**Assignment:**
In the data below, find the line with "TELETIES - Small" and output it along with every later line, exactly, but not the pictures.

**Given data:**
- - -
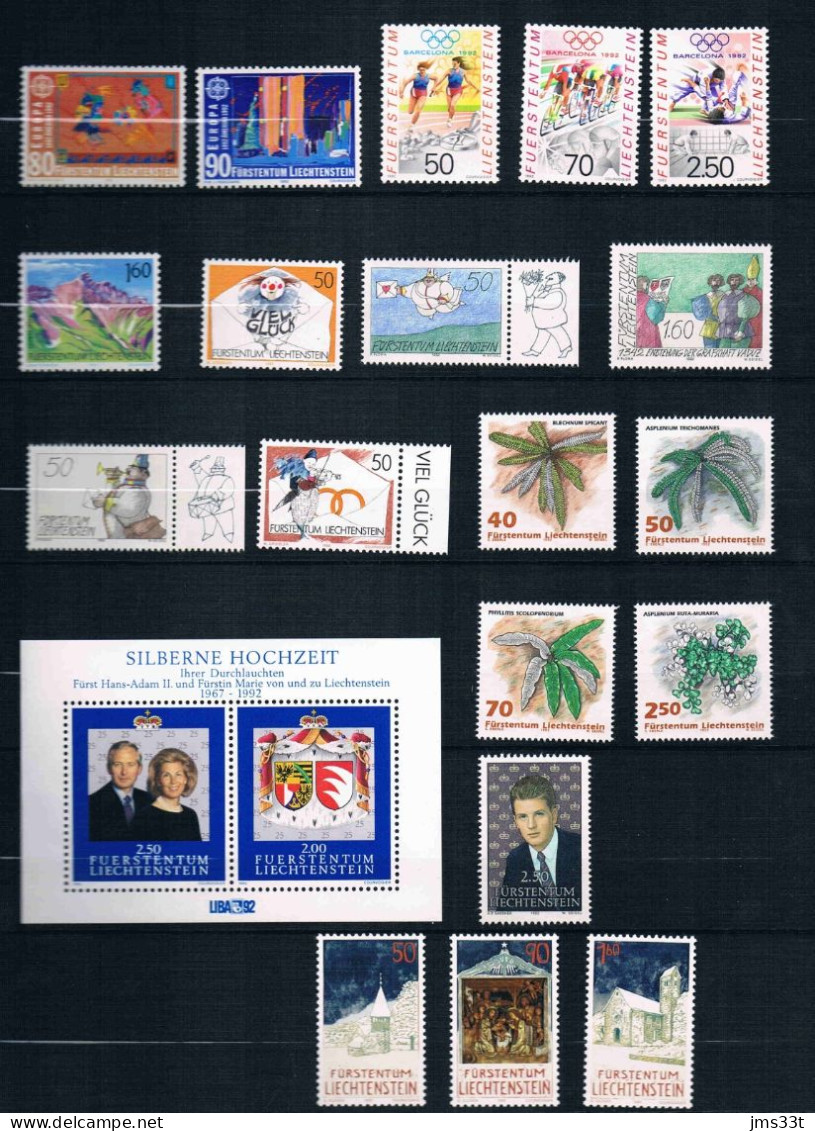 Liechtenstein Année Complète 1992 - Annate Complete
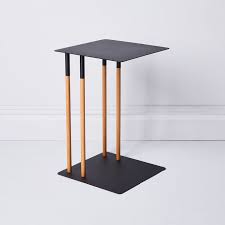 Steel And Wood Slide Under Sofa Table In 2020 Sofa Table Wood Home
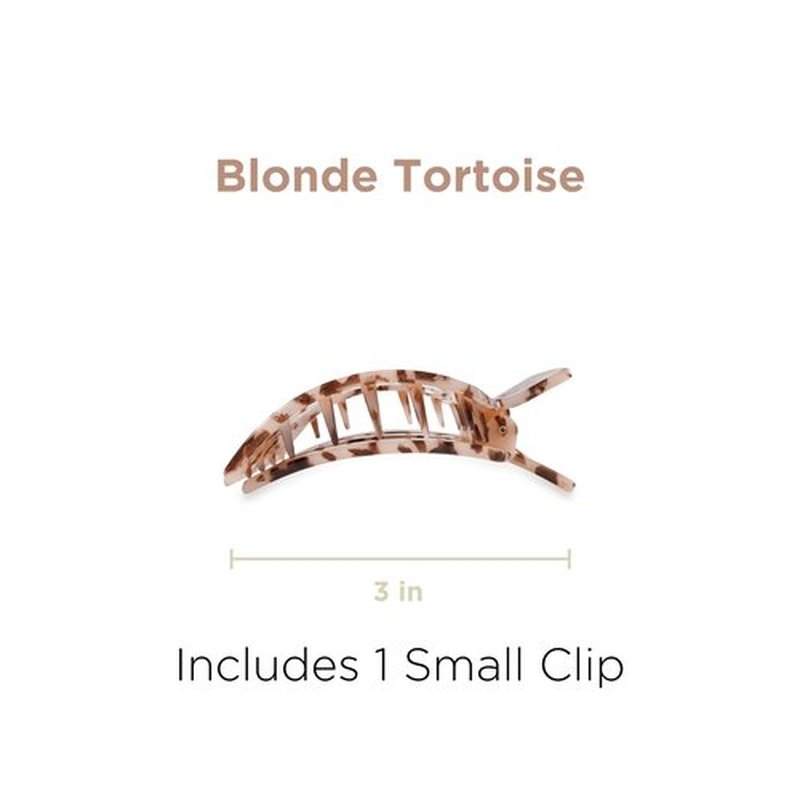TELETIES - Small Flat Square Clip - For Lying Down, Yoga, Driving & More - Strong Grip, Bendable Teeth, Comfortable Curved Design - Ideal for Thin-Medium Hair - Core Collection - Blonde Tortoise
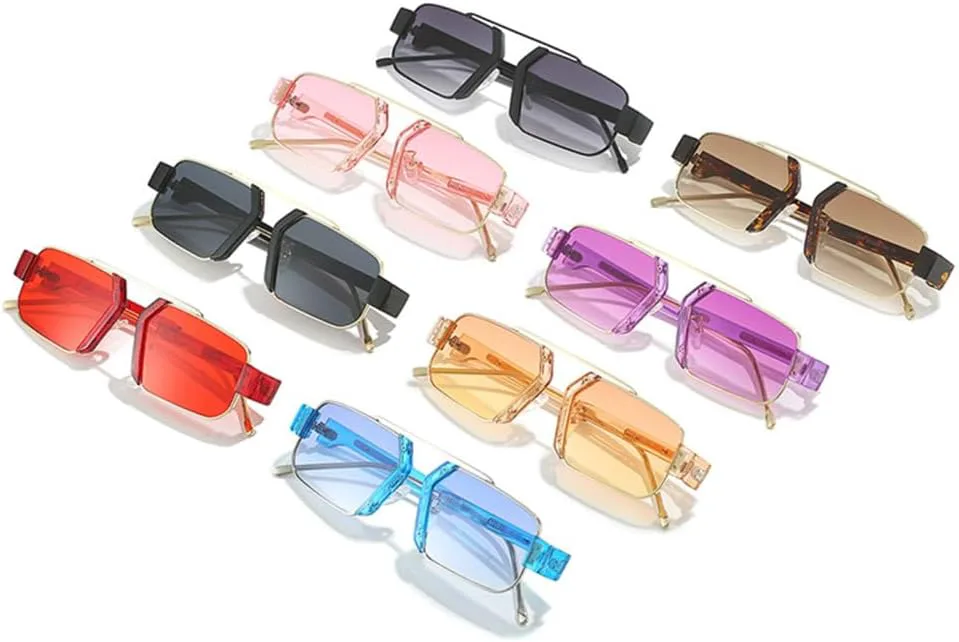 

Ретро-солнцезащитные очки с яркими линзами для женщин, прозрачные линзы с градиентом цвета океана, защита от УФ-излучения UV400 для мужчин LANGSER, Orange Yellow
- - -
**Result for this task:**
TELETIES - Small Flat Square Clip - For Lying Down, Yoga, Driving & More - Strong Grip, Bendable Teeth, Comfortable Curved Design - Ideal for Thin-Medium Hair - Core Collection - Blonde Tortoise

Ретро-солнцезащитные очки с яркими линзами для женщин, прозрачные линзы с градиентом цвета океана, защита от УФ-излучения UV400 для мужчин LANGSER, Orange Yellow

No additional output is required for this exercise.